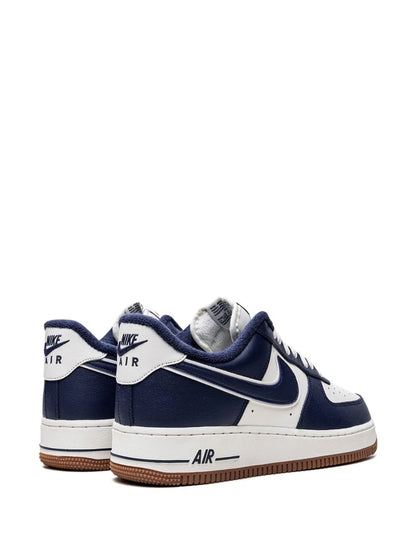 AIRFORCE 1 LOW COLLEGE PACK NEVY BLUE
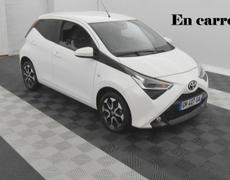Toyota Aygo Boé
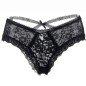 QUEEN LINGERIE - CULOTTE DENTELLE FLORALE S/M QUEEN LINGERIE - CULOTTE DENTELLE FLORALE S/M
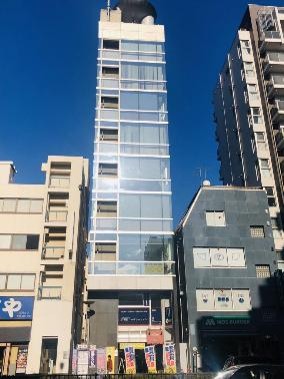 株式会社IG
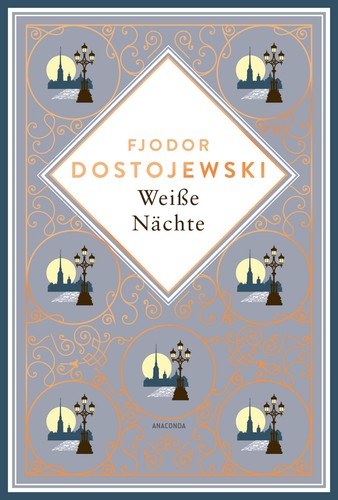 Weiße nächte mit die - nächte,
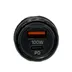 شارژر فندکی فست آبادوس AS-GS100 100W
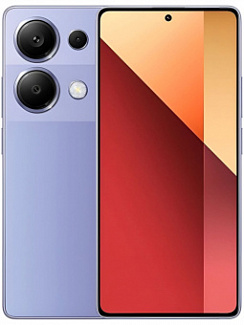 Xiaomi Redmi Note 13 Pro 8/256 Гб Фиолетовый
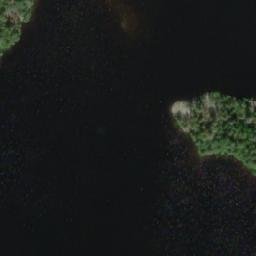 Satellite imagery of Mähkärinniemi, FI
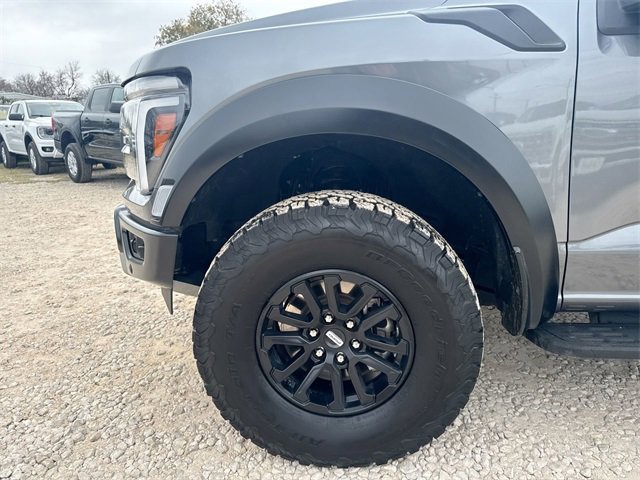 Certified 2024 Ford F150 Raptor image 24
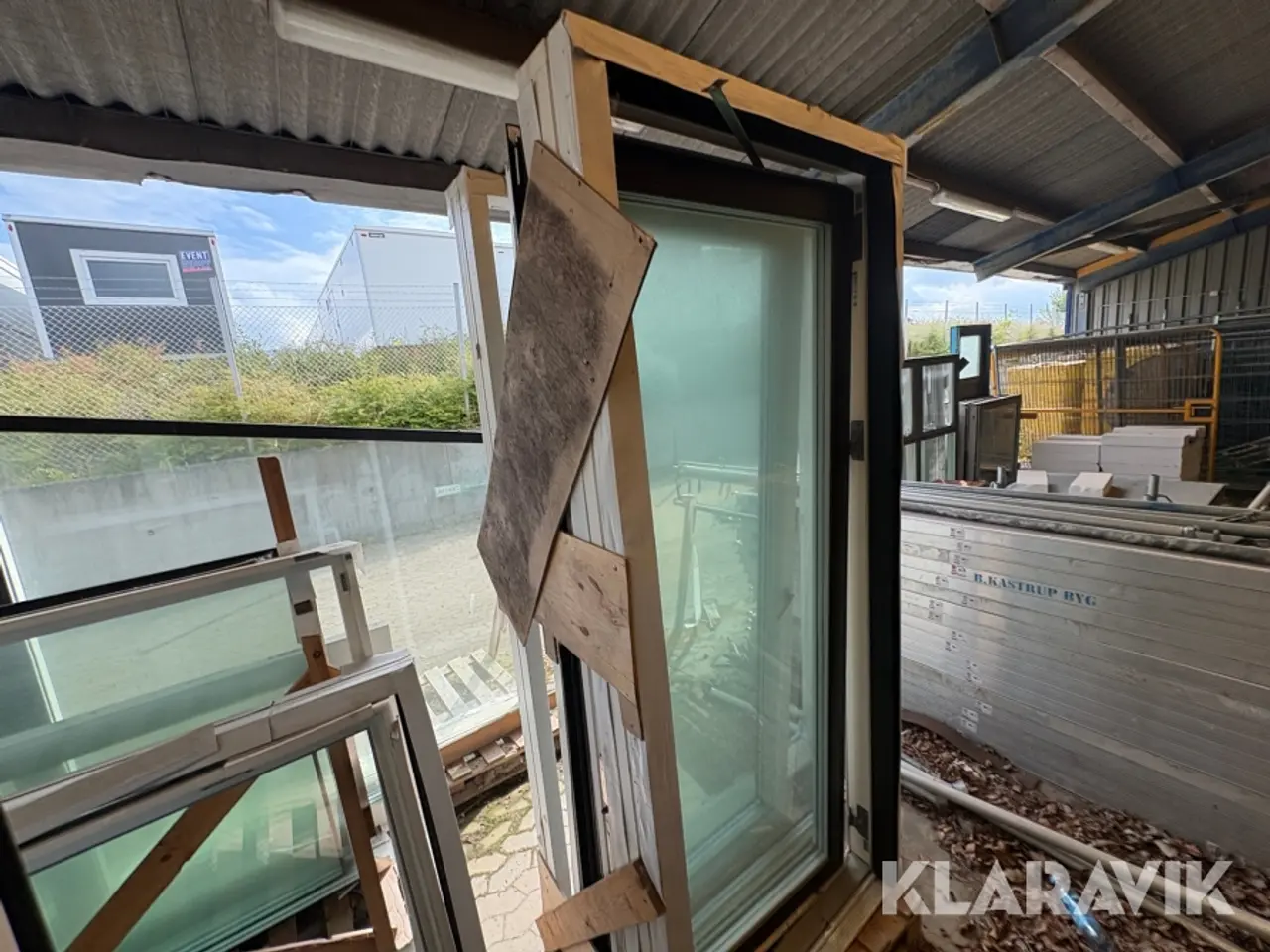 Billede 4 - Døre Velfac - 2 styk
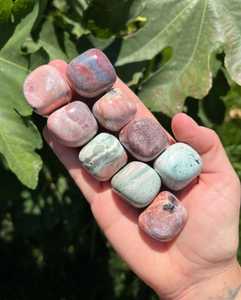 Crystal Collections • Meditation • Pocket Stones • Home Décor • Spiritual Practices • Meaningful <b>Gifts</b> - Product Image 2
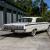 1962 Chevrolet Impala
....................
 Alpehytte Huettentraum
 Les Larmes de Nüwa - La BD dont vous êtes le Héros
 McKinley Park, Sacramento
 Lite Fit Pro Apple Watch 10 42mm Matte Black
....................
_The task_
Copy the entries above exactly, but only the stretch from the line containing "QUEEN LINGERIE - CULOTTE DENTELLE FLORALE S/M QUEEN" through the line containing "1962 Chevrolet Impala". Keep both end lines; drop the pictures.

_Solution_
 QUEEN LINGERIE - CULOTTE DENTELLE FLORALE S/M QUEEN LINGERIE - CULOTTE DENTELLE FLORALE S/M
 株式会社IG
 Weiße nächte mit die - nächte,
 شارژر فندکی فست آبادوس AS-GS100 100W
 Xiaomi Redmi Note 13 Pro 8/256 Гб Фиолетовый
 Satellite imagery of Mähkärinniemi, FI
 Certified 2024 Ford F150 Raptor image 24
 Billede 4 - Døre Velfac - 2 styk
 Crystal Collections • Meditation • Pocket Stones • Home Décor • Spiritual Practices • Meaningful <b>Gifts</b> - Product Image 2
 1962 Chevrolet Impala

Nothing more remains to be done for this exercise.